(Working data Opens)
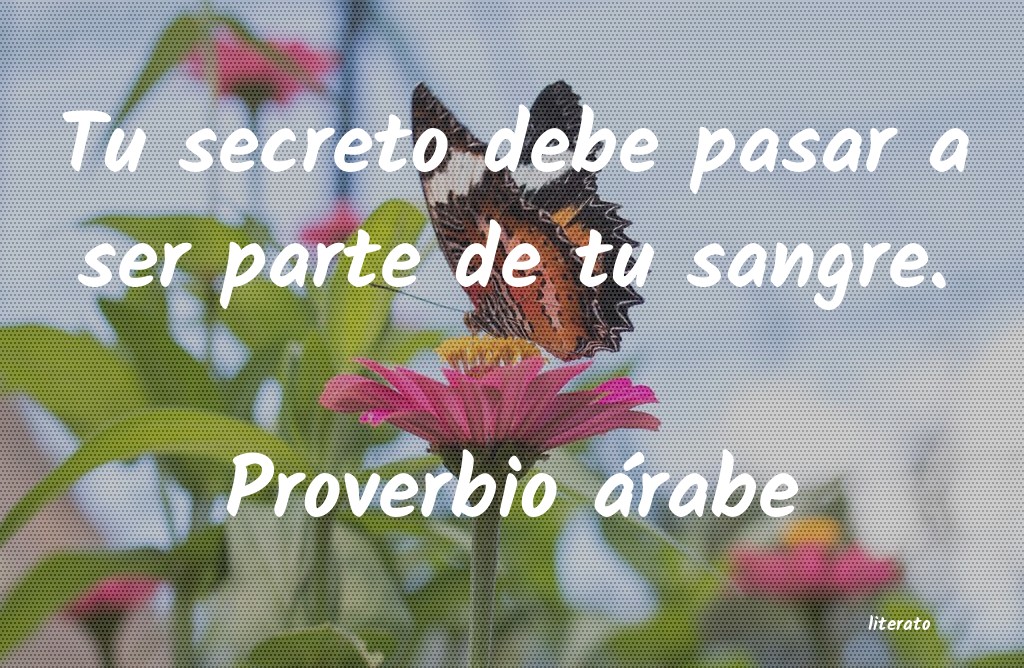 Frases de Proverbio árabe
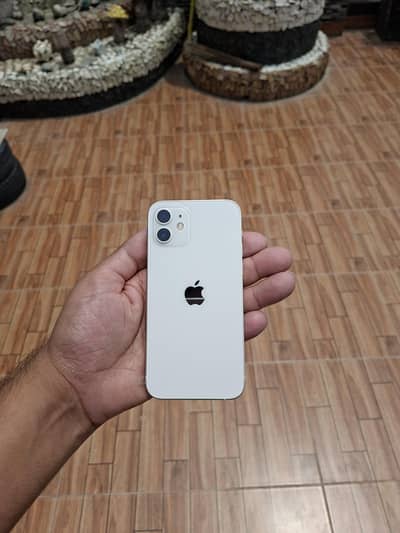 Apple iPhone 12 PTA Approved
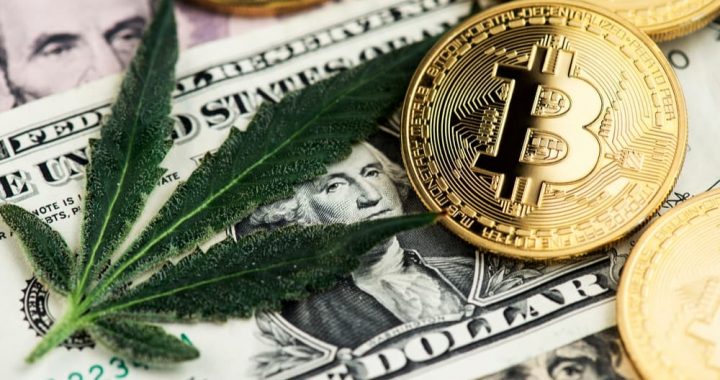 La industria del cannabis se queja por estar “en el banquillo de los acusados”; ¿qué alternativas ve el gobierno?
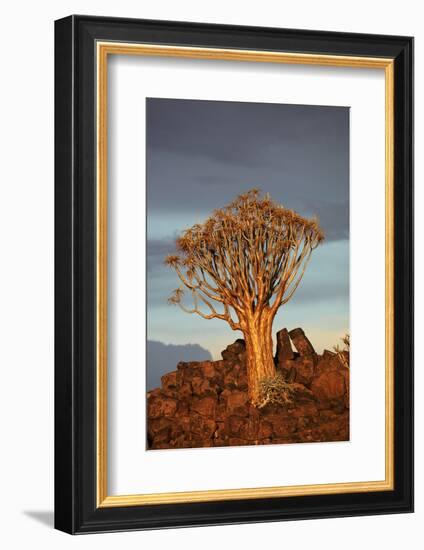 Kokerboom or Quiver Tree, Mesosaurus Fossil Camp, near Keetmanshoop, Namibia-David Wall-Framed Photographic Print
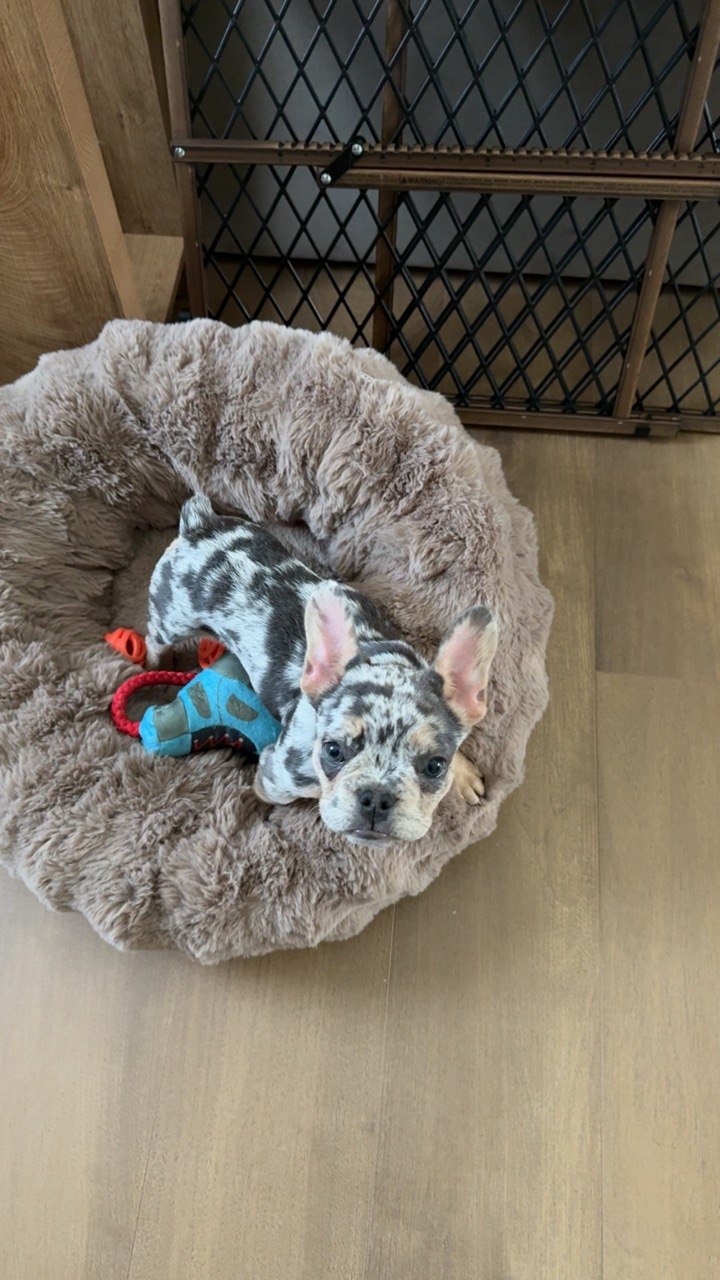 Macho (formerly Chip) - Blue Merle Frenchie in his cozy bed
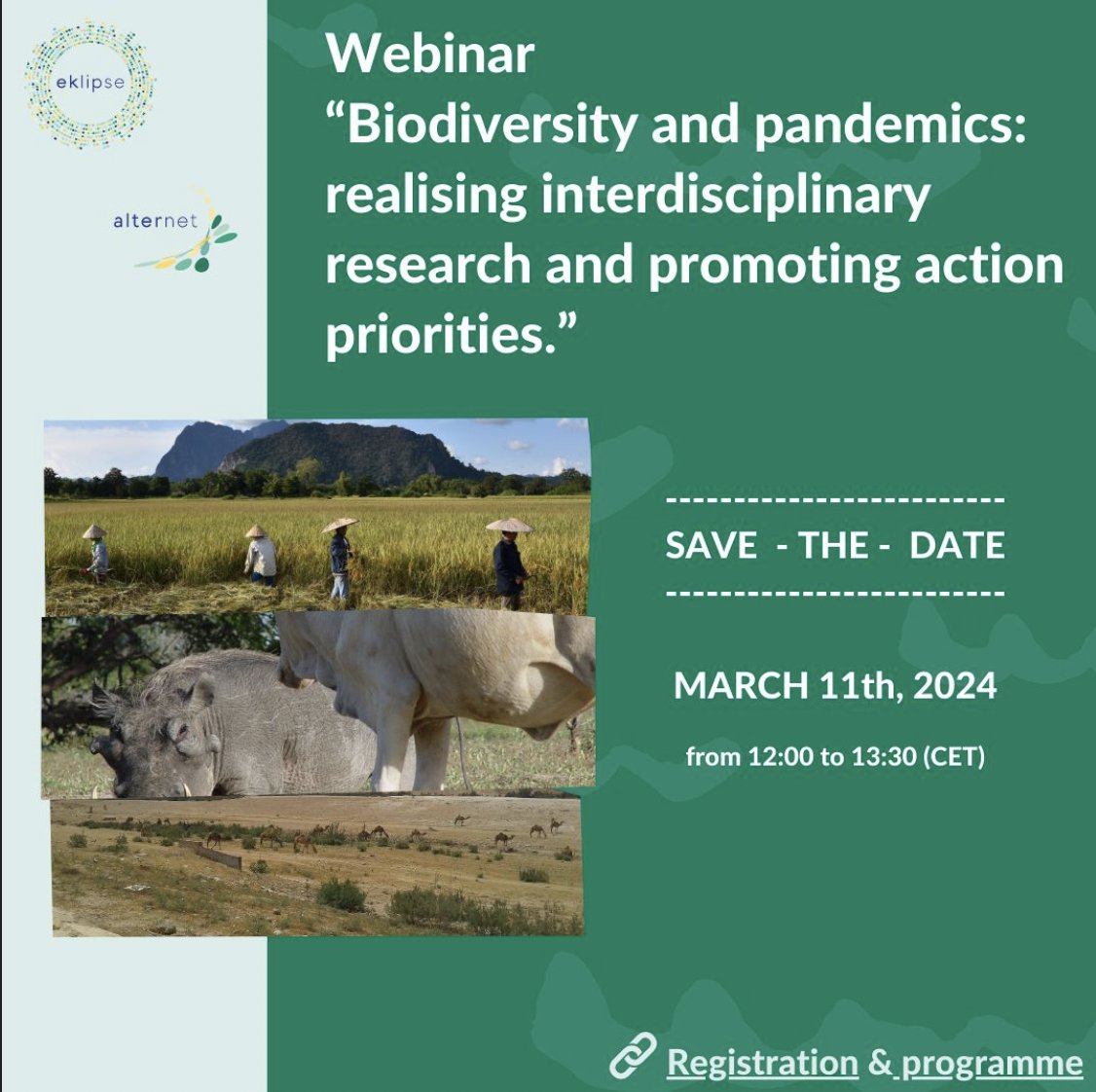 How can we better support #research and #policy on #biodiversity and #pandemics ? Come to our <a href="/Alternet_Europe/">Alternet</a> webinar to hear what our <a href="/Eklipse_europe/">Eklipse</a> Expert Working Group found!

Register here: lnkd.in/eRJyXJFR

#SciencePolicy #Conservation #OneHealth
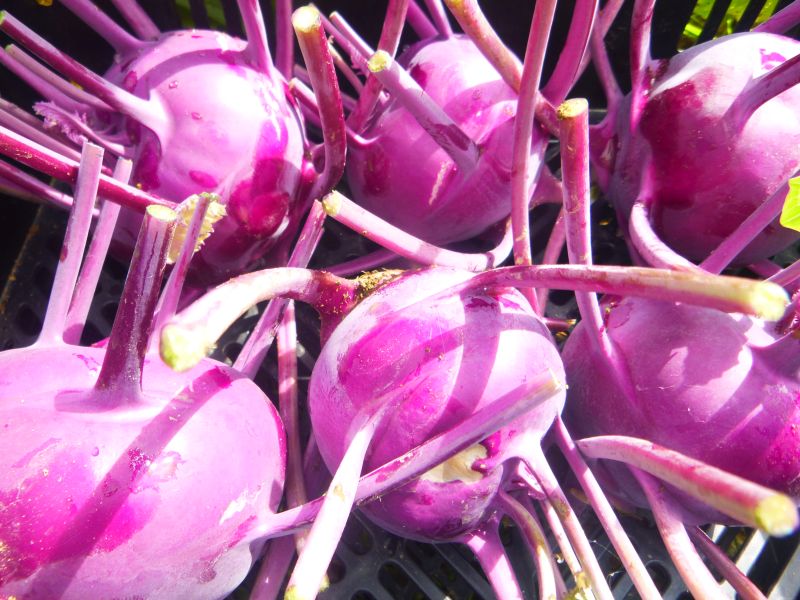 Kohlrabi – small bulbs purple no tops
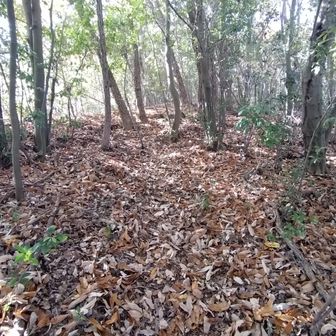 後半は、こんな感じの登山道
落ち葉で、よく滑りました。
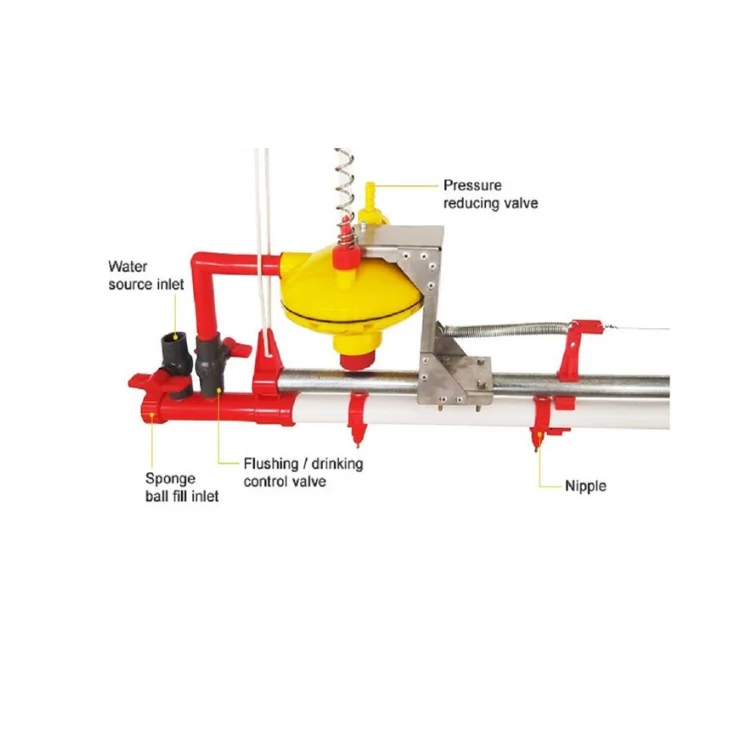 High-Tech Livestock Equipment Good Quality New Design For Poultry Poultry Farming Equipment Vietnamese Manufacturer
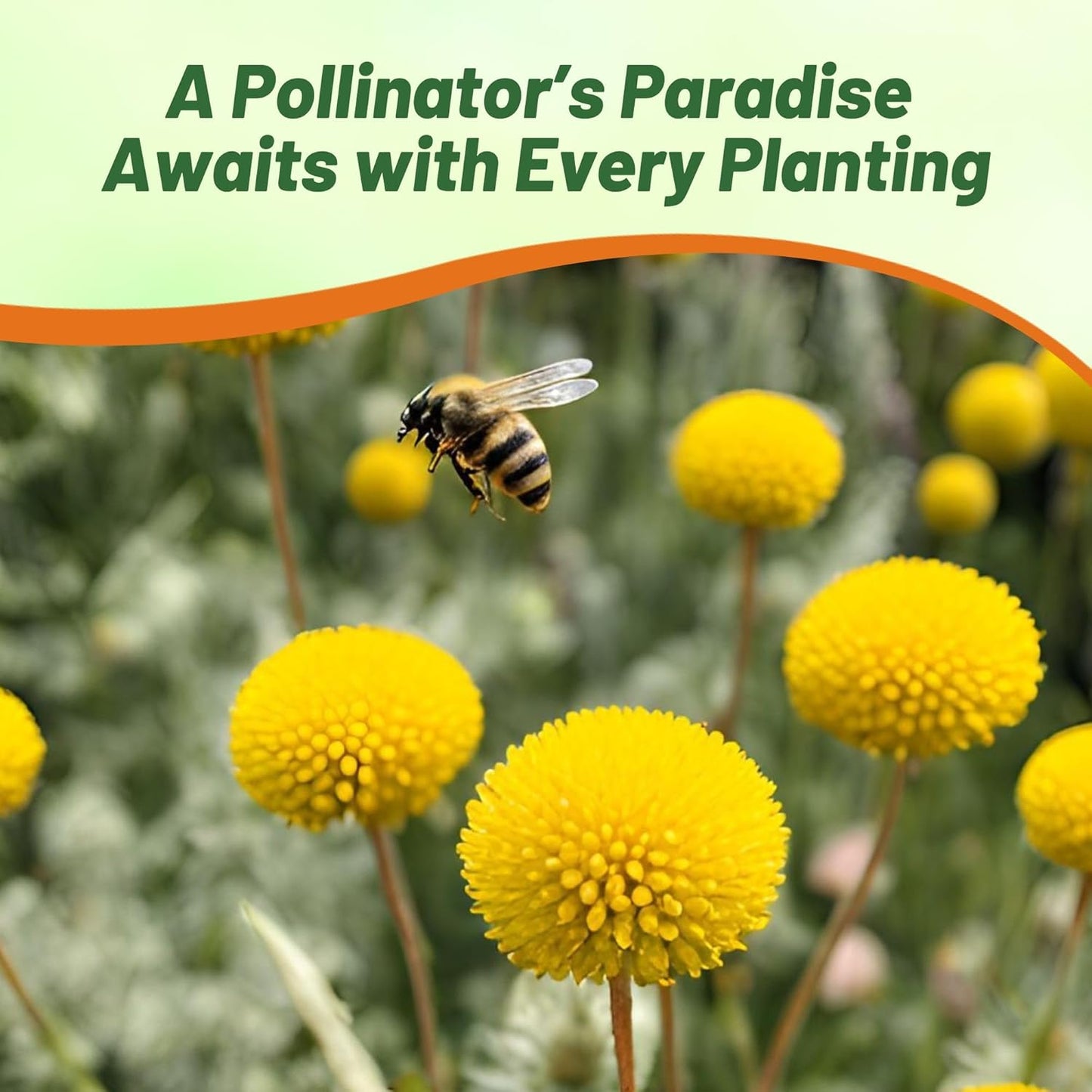 Outsidepride Billy Button Craspedia Globosa Seeds - 1000 Pcs Perennial Flower Seeds for Hardy, Drought-Tolerant Gardens | Yellow Blooms for Cut Flowers & Pollinators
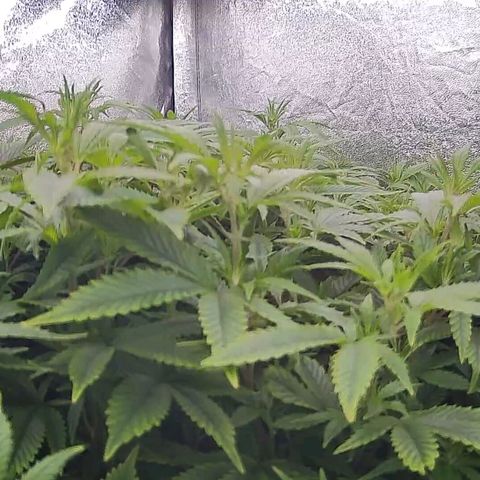 Sticky Boof growlog timeline photo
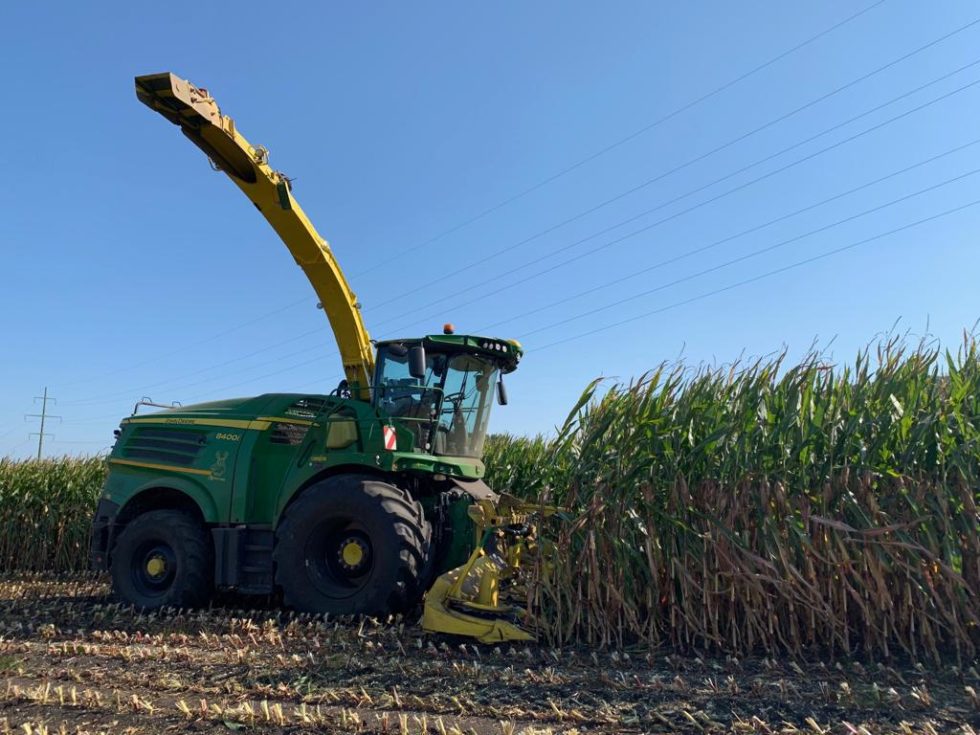 Ensilage maïs Entranord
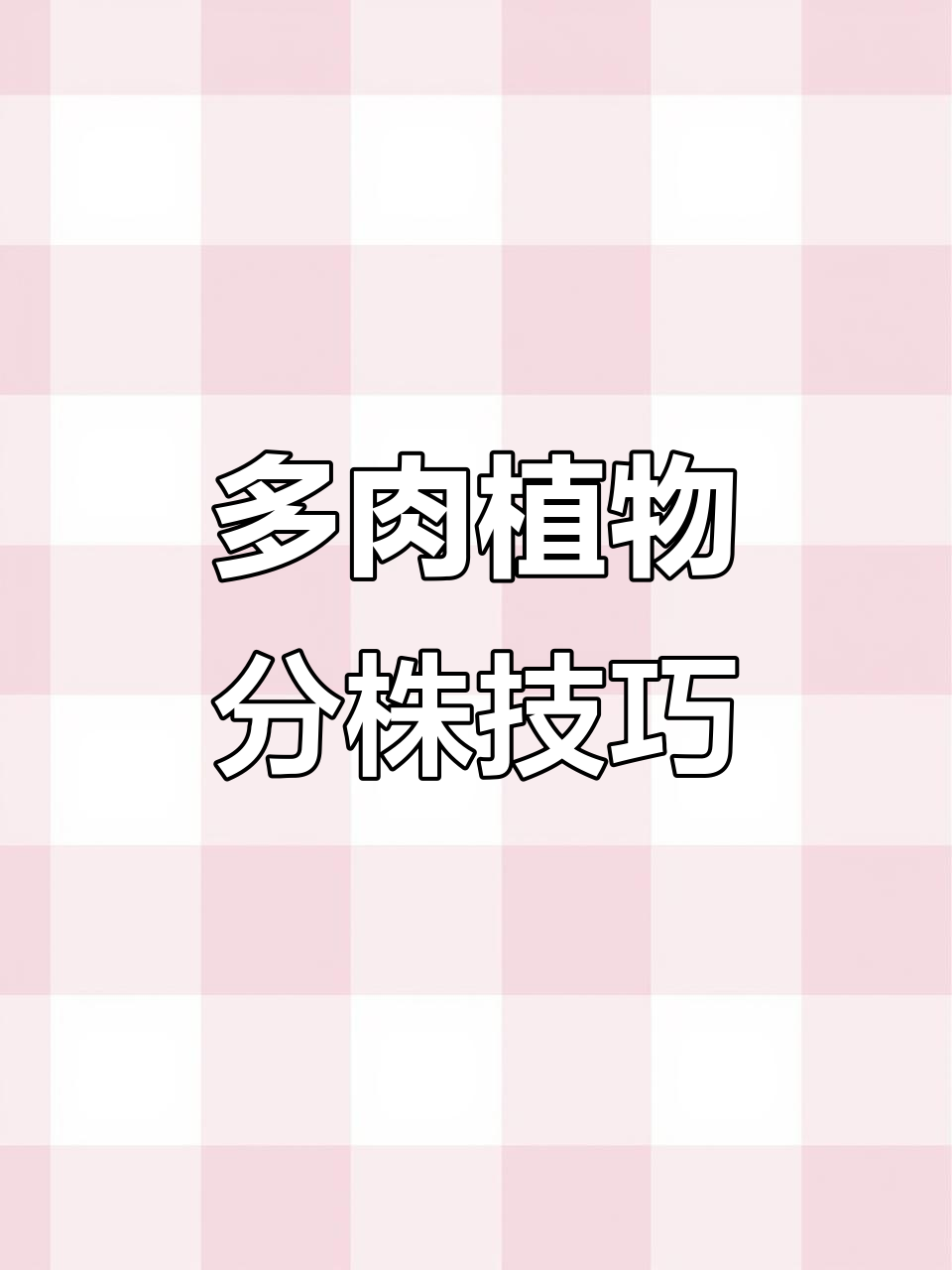多肉植物如何分株扦插,轻松爆侧芽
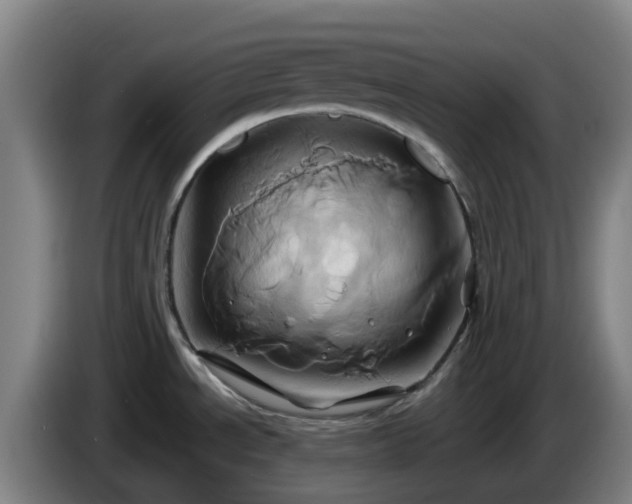 X0000086021534200703301021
(Working data Closes)
Problem
In the listing above, find the line with "La industria del" and the line with "Macho (formerly Chip)". Copy exactly those two and every line between, without the pictures.

Written answer
 La industria del cannabis se queja por estar “en el banquillo de los acusados”; ¿qué alternativas ve el gobierno?
 Kokerboom or Quiver Tree, Mesosaurus Fossil Camp, near Keetmanshoop, Namibia-David Wall-Framed Photographic Print
 Macho (formerly Chip) - Blue Merle Frenchie in his cozy bed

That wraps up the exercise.